O urbano não nos tomou de surpresa, mas nós não fomos capazes de pensar o mundo no modelo urbano, e os processos que estão acontecendo no mundo são muito rápidos. Por exemplo, a Bíblia, que todo mundo usava a Bíblia, hoje o pessoal usa o celular, e no celular tem a Bíblia, e é muito menor, não tem peso nenhum, e é muito mais rápido para achar uma citação bíblica. Mas nós estamos preocupado em manter o livro e sempre fazer através daquele livro grande e pesado. Esse é um exemplo de que a maioria está no mundo do celular e nós estamos ainda no mundo do papel, da imprensa, do Gutemberg, que é do século XVI.
Por que a gente poderia dizer que a Igreja hoje não apaixona mais os jovens?
Não há uma só causa, há várias causas. Na minha opinião, primeiro foi o descredito da Igreja, que sempre, tudo o que foi novo do mundo moderno, primeiro a Igreja o condenou, ou ficou esperando para ver o que ia acontecer. No fim do século XIX a Igreja não aceitou a vacina, os papas daquele tempo fizeram um documento contra a vacina, contra o trem, dizendo que esse trem ia levar todos para o inferno. Depois o psicoanálise, a psicologia, tudo a Igreja deixou de lado. O mundo não precisou mais, não perguntou mais nada para a Igreja e a Igreja perdeu a capacidade de acompanhar. Segundo, o tema de abuso de menores, etcétera. Terceiro, a formação clerical, que é muito mais para a cristandade do que para o mundo de hoje. Eu colocaria pelo menos esses três aspectos que nos tocam mais fortemente.

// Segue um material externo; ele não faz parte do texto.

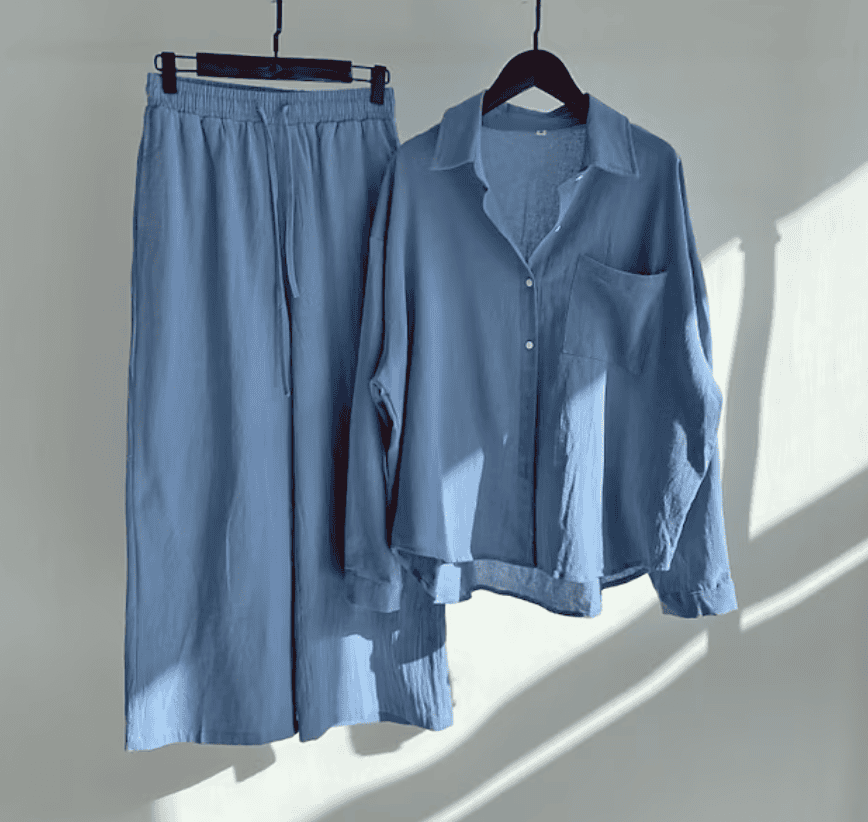 Valenzora | Linen summer set with long trousers and shirt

De cara ao futuro, o que o senhor sonha para as comunidades de base na América Latina, para a Igreja e para o mundo como um todo?
Para o mundo eu sonharia terminar com as diferenças entre o conjunto das nações, que a terra é de todos, não é de um país. De tal maneira que a ONU, seria muito mais poderosa se dissesse as áreas que juntos cuidam das pessoas existentes, de tal maneira que não precisasse os povos sair do seu território para outros territórios, mas aí teria o necessário. Então, eu queria um tipo de ONU diferente do que temos hoje, que não decide as coisas pela guerra, mas decide por um processo deles.
Na linha da Igreja, eu esperaria que praticamente acabasse o clero, e fosse o Povo de Deus que assume a responsabilidade, e alguns ministros que apoiam o Povo de Deus, e que ajudam o Povo de Deus. Mas o clero não foi instituído por Jesus, foi instituído pela Igreja, a Igreja passou pelo menos 400 e 500 anos sem ter clero. Era o bispo das grandes cidades, só grande cidade tinha bispo, e depois que o Império Romano apoiou e se misturou com a Igreja, então multiplicaram bispos para cidades menores. Então, perdeu aquele sentido de que a Igreja não está ajudando o sistema econômico, ela ajuda as pessoas a se chegar na sua plenitude humana, e não entrar no sistema que chamamos religioso e que controla toda a vida da pessoa.
A figura do bispo seria outro tipo de figura, mais próximo ao começo do cristianismo, que se reúne, que acompanha as pessoas e não precisa ser um bispo para 4 milhões de pessoas, pode ser muito maior o número de bispos, porque não vai ter nada de precioso para comprar e para vestir, senão a simplicidade. Aquele que hoje nós teríamos como um presbítero seria o bispo do futuro, e o presbítero desaparece e fica muito mais claro o Povo de Deus assumindo.